Comme je l’ai déjà largement commenté, la situation politique actuelle au Brésil est en train de prendre un tournant suite à la récente élection du président Lula Da Silva, annonçant la future formation d’un gouvernement de gauche, rejoignant la tendance des gouvernements progressistes qui gagne l’Amérique Latine et ouvrant à nouveau le dialogue sur les questions migratoires à l’échelle nationale comme sur le plan régional et international (2).

Ce moment semble donc opportun pour construire un récit et raconter l’histoire du RSF afin de ré-ancrer ses nombreuses actions, de façon à démontrer plus globalement son rôle d’acteur phare de la société civile au sujet des migrations. Ce travail a également pour fins l’élaboration de pistes collectives de réflexion et d’action dans l’optique de faire face aux nouveaux défis – migratoires – qu’impliquent une société en perpétuel mouvement.


(1) Ce même jour, les brésilien.ne.s ont voté au second tour des élections gouvernorales 2022. Ce scrutin se déroule tous les 4 ans dans le but d’élire les gouverneurs des 26 Etats et du District Fédéral du Brésil.

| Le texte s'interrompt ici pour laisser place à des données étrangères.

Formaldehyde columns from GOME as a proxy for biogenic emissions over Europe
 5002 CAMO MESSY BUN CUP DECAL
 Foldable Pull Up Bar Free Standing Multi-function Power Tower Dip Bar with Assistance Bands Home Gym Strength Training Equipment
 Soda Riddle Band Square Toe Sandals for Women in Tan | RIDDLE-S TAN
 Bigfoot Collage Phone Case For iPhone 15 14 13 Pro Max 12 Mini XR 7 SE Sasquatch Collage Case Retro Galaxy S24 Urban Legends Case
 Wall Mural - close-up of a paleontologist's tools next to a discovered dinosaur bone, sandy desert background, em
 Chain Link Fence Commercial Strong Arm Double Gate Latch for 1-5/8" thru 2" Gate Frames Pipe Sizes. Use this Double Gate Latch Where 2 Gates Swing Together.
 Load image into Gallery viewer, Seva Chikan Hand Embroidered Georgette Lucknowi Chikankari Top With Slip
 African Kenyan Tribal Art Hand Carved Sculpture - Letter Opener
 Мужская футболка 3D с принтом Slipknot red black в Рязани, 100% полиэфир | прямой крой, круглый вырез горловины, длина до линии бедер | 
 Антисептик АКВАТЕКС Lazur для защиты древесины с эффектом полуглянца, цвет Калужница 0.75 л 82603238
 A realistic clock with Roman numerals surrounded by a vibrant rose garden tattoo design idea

(2) Même si à certains niveaux les marges de manoeuvre de ce gouvernement pourraient être faibles : premièrement car à l’issue des élections des députés et sénateurs le dimanche 2 octobre 2022 c’est un parlement davantage conservateur et libéral qui s’est renouvelé risquant de mettre en difficulté le futur président ; et deuxièmement car le gouverneur de l’Etat de São Paulo élu ce même dimanche 30 octobre se situe à droite de l’échiquier politique où la question migratoire est absente de son discours.